Мелочи жизни
Опубликовано в журнале Октябрь, номер 7, 1998
Мелочи жизни
Павел БАСИНСКИЙ
Казачий Неаполь
В конце апреля писательская делегация от журнала “Октябрь” (Ирина Барметова, Владислав Отрошенко, Виталий Пуханов, Петр Алешковский, Олег Павлов и аз грешный) нагрянула в город Ростов-на-Дону.
Ростов встретил нас мрачно и неприветливо: промозглой погодой, вообще-то не характерной в конце апреля для этого южного края, бестолковостью местного атамана по культуре (без шуток!), некоего Иванова из областной администрации, не желавшего понимать, зачем это прибыл из Москвы наш писательский десант, безбожными ценами в общепите и отсутствием отопления и горячей воды в лучшей гостинице города “Интурист”…
Ростов провожал нас ласково и радостно — теплым и щедрым южным солнцем, мягким ветерком, уже опробованной и по достоинству оцененной водкой “Ростов-папа” (без шуток!), крашеными пасхальными яйцами от супруги Дмитрия Пэна, местного филолога и университетского преподавателя, апельсинами от мамы Владислава Отрошенко, пришедшей на вокзал проводить в Москву своего забубенного сына, московского литератора, сбежавшего, как водится, из Ростова в столицу в юные годы…
И я так понял, что уезжать из Ростова гораздо лучше, чем наоборот… Но что бы это значило?

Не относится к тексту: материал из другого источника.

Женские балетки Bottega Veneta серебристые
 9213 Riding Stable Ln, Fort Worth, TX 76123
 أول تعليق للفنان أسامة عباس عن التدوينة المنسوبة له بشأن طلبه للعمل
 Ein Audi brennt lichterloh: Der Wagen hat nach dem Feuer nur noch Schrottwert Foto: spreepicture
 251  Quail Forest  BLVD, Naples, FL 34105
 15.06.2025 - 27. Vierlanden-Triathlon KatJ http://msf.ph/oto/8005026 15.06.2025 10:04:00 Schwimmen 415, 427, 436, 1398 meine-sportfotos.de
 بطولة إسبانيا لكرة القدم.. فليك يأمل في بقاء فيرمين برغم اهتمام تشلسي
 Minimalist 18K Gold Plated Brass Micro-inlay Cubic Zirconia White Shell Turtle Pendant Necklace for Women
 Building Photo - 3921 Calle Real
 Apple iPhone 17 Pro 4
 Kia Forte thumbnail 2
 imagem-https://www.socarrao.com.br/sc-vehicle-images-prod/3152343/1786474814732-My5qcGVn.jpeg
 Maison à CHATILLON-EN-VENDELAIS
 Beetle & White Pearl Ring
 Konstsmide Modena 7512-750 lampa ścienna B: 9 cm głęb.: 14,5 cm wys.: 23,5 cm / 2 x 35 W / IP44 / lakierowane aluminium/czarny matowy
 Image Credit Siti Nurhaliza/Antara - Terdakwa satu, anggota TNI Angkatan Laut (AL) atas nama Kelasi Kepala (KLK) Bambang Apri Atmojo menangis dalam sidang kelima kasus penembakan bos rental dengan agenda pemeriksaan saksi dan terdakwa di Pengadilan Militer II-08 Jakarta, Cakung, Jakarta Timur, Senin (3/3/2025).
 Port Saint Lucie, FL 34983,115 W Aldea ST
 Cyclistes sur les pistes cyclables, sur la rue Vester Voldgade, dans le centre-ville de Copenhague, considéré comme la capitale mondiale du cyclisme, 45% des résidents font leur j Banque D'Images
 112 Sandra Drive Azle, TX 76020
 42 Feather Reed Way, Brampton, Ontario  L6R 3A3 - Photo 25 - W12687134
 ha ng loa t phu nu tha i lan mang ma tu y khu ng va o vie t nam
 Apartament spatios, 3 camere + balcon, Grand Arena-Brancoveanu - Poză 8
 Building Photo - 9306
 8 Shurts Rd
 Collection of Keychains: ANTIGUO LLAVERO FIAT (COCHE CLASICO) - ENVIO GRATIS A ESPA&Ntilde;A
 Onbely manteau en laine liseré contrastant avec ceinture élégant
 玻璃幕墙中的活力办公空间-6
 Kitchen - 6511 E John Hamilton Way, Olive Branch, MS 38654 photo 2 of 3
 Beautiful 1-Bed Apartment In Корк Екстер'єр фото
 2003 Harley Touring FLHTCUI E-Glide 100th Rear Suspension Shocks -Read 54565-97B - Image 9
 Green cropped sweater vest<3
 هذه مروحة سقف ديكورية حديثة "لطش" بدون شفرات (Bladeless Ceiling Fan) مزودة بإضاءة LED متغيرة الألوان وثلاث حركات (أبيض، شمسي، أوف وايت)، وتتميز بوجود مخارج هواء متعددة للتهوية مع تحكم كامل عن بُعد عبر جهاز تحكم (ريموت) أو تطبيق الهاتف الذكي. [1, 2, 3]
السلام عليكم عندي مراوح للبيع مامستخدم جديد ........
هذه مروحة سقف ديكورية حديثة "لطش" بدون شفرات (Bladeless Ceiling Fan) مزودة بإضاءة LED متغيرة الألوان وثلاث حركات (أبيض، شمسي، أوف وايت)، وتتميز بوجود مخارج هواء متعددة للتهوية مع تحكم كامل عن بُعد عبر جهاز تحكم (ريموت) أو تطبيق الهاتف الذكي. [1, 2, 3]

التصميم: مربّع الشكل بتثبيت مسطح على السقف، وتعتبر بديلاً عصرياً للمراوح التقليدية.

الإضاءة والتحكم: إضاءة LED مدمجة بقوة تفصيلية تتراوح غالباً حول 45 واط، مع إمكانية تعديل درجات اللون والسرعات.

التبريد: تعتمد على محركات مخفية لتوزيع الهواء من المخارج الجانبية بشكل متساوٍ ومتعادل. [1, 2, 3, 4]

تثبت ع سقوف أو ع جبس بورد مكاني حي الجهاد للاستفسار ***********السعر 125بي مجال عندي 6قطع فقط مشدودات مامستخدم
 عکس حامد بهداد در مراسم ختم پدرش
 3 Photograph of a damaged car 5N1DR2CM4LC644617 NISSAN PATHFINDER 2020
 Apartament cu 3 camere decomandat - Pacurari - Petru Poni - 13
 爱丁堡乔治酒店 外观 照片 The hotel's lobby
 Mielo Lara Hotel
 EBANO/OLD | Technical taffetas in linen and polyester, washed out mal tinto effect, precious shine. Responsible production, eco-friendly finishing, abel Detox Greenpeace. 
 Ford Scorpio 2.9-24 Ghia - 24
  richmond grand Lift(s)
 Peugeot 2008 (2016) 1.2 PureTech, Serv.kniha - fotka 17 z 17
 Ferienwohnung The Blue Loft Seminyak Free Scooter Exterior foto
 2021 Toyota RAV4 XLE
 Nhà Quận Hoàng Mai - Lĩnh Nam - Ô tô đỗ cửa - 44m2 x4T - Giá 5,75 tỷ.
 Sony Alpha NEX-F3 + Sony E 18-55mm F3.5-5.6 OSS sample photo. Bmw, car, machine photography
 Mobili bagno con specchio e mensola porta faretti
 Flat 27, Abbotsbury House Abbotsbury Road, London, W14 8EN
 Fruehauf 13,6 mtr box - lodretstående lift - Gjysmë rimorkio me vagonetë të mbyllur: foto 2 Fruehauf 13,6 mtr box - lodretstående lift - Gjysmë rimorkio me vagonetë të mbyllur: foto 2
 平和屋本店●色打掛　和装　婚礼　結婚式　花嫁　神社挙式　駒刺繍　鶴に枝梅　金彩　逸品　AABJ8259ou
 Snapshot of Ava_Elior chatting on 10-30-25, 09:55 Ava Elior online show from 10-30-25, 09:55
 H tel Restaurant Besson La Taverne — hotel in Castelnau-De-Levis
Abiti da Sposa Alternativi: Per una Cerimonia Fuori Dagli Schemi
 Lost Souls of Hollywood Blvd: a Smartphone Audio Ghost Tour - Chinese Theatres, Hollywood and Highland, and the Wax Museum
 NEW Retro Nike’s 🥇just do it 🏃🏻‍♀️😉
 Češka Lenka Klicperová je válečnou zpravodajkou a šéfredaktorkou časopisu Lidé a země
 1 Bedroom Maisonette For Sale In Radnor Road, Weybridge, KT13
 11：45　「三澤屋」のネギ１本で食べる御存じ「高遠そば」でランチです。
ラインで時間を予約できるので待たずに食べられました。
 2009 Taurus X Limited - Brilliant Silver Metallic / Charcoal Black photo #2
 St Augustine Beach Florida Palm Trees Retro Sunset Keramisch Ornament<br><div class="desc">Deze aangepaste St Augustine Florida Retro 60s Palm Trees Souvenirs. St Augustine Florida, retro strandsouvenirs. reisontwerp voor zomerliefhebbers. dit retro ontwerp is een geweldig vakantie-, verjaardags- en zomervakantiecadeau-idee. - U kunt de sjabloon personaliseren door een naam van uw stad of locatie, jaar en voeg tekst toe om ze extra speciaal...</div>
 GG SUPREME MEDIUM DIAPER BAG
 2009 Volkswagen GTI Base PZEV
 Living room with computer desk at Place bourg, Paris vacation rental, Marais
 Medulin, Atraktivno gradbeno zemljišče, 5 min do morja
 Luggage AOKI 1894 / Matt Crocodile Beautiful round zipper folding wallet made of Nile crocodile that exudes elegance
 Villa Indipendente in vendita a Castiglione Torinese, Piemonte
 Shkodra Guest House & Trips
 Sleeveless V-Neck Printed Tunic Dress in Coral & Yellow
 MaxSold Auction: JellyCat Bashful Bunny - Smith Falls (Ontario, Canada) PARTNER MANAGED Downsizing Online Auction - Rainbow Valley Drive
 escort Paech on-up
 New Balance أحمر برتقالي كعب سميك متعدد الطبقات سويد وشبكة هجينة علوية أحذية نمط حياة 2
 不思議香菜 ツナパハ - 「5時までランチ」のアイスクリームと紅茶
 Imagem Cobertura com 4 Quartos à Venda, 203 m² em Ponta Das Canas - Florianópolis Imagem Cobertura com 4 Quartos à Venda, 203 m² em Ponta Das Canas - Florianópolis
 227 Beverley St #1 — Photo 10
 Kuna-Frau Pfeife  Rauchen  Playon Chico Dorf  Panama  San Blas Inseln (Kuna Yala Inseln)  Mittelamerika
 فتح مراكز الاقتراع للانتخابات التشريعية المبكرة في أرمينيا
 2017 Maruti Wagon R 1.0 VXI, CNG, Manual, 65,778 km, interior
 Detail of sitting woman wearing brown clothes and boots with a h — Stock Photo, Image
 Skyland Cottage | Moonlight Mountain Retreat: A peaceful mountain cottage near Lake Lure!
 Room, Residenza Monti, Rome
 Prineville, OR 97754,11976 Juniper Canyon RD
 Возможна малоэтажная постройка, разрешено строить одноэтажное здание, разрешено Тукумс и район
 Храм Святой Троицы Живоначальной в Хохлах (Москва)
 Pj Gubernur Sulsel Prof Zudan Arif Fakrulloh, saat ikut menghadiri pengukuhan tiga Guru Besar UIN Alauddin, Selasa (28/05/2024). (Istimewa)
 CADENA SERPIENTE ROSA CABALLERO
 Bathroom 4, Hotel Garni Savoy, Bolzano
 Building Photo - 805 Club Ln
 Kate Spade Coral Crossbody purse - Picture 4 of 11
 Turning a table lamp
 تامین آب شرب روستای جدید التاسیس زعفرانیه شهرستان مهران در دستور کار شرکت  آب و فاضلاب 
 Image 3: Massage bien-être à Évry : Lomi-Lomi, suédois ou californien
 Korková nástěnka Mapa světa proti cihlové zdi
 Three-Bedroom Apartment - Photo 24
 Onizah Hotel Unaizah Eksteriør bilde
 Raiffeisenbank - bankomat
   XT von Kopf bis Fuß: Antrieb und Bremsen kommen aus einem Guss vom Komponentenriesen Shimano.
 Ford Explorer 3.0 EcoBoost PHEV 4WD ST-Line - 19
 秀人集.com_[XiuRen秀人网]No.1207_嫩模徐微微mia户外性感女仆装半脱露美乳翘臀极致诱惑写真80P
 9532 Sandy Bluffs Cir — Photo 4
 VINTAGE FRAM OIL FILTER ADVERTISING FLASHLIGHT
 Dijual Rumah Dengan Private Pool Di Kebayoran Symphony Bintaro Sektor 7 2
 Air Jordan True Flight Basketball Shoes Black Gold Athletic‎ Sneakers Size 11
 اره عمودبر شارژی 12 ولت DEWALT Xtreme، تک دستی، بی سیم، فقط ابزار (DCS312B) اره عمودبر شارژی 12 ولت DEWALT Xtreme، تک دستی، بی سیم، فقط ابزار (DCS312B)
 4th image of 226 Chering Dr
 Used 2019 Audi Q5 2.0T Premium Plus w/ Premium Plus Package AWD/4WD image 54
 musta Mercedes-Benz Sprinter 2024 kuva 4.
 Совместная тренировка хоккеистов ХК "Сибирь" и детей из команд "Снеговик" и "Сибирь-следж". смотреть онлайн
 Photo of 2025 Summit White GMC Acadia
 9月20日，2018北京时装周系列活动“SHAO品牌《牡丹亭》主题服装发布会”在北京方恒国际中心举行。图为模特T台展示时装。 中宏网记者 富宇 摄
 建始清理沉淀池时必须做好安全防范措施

О том, что Ростов похож на Неаполь, словно две капли воды, еще до поездки нашей делегации много чего наговорил Отрошенко, который возле Ростова (в Новочеркасске) родился, в Ростове учился, но после бегства из Ростова в Москву в Неаполе, кажется, бывал гораздо чаще, чем в пенатах. “Я вам покажу!” — тем не менее торжественно заявлял он уже в поезде. И я его понимал! Если б я ехал с делегацией, например, в мой родной Волгоград, то, конечно же, тоже смотрел бы на остальных как на несносных профанов, как на интуристов, потому что всякий российский человек немножко интурист в своей необъятной и бездорожной стране…
На подъезде к Ростову Отрошенко начал показывать. На бескрайние, с редчайшими деревцами аксайские степи. На ровный, будто рукотворный, канал, сам Аксай, который — голос Отрошенко замирал от волнения — вот-вот соединится с самим Доном. Из раскрытого окна фирменного поезда Отрошенко водил рукой по Пустоте строго и твердо, словно сам атаман Платов перед боем. Вот тут мы врежемся в ихнии позиции. А ты, есаул, заходи справа, да смотри ж! Пленных — мать их так — не брать!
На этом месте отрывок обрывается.